U.S. mulls $50 million bin Laden bounty, but hes no where to found
By Noble Johns
WASHINGTON (BNW) -- As part of an intensified effort to capture terrorist mastermind Osama bin Laden, the State Department is considering doubling the bounty on his head to $50 million, State Department officials said.
Legislation passed in November by Congress as part of the appropriations bill allowed the State Department to double the current $25 million reward for information leading to bin Laden's capture, under the Rewards for Justice Program.
The program seeks to prevent acts of terrorism against the United States. It pays rewards for information leading to the arrest and/or conviction of terrorists attempting to commit or committing acts against U.S. interests.
Bin Laden is still thought to be hiding somewhere along the Afghanistan-Pakistan border, but intelligence officials in both countries say there has been no sign of him for the past 20 months, according to Time magazine.
In 2003, the Bush administration paid a $30 million reward -- $15 million each for Uday and Qusay Hussein -- to the informant who provided the tip that led U.S. troops to the home in the northern Iraqi city of Mosul where Uday and Qusay were hiding. They died there in a firefight with American forces.
Last July, the State Department raised the bounty for Abu Musab al-Zarqawi, the accused terrorist mastermind in Iraq, from $10 million to $25 million.
On Monday, the al-Zarqawi group al Qaeda in Iraq claimed responsibility for a suicide car bomb in Baghdad, Iraq, at a checkpoint near the headquarters of interim Iraqi Prime Minister Ayad Allawi's party, according to an Internet statement.
Officials said the State Department is reviewing whether to double the reward for bin Laden to $50 million, with the final decision to be made by incoming Secretary of State Condoleezza Rice.
This month, the Rewards for Justice Program also launched an advertising campaign in Pakistan to publicize the existing reward for bin Laden.
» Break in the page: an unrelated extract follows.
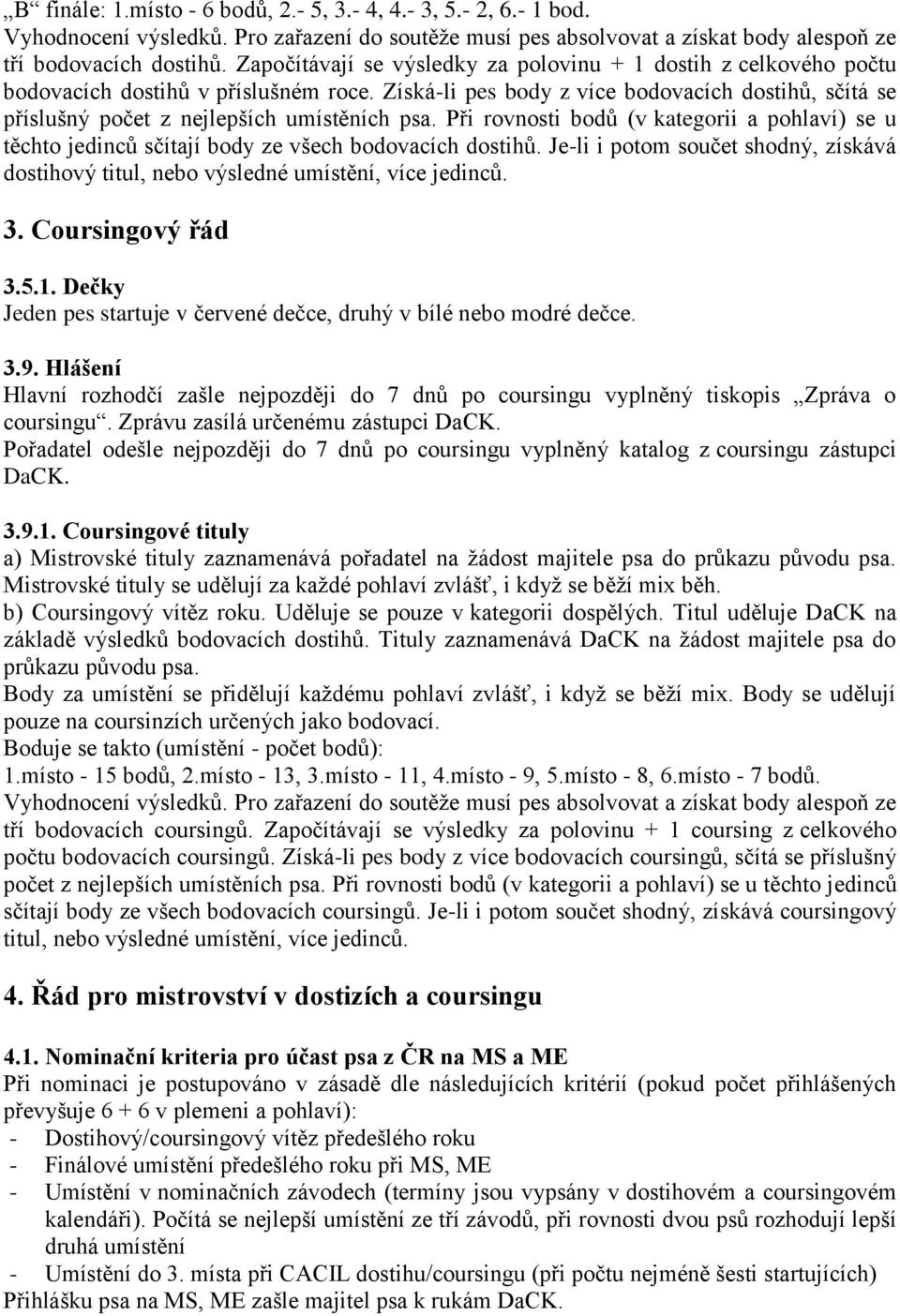 Získá-li pes body z více bodovacích dostihů, sčítá se příslušný počet z nejlepších umístěních psa.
Print ads in Urdu and Pashto languages have begun to run in Pakistani newspapers featuring photos and reward amounts for bin Laden, Taliban leader Mullah Omar and other Taliban and al Qaeda leaders.
The print ads will be followed by a broadcast ad blitz in cities and border areas where U.S. officials believe bin Laden is hiding.
"The people there are largely illiterate," said Rep. Mark Kirk, who wrote the legislation that would allow the doubling of the reward. "So we're going to back up this campaign with a radio campaign that is the primary way people find out about the world."
Kirk, an Illinois Republican, returned last week from a visit to Pakistan.
Officials said the scripts for the radio ads are being finalized, and that the ads should be running within 10 days to two weeks. A television ad campaign is also in development, the officials said.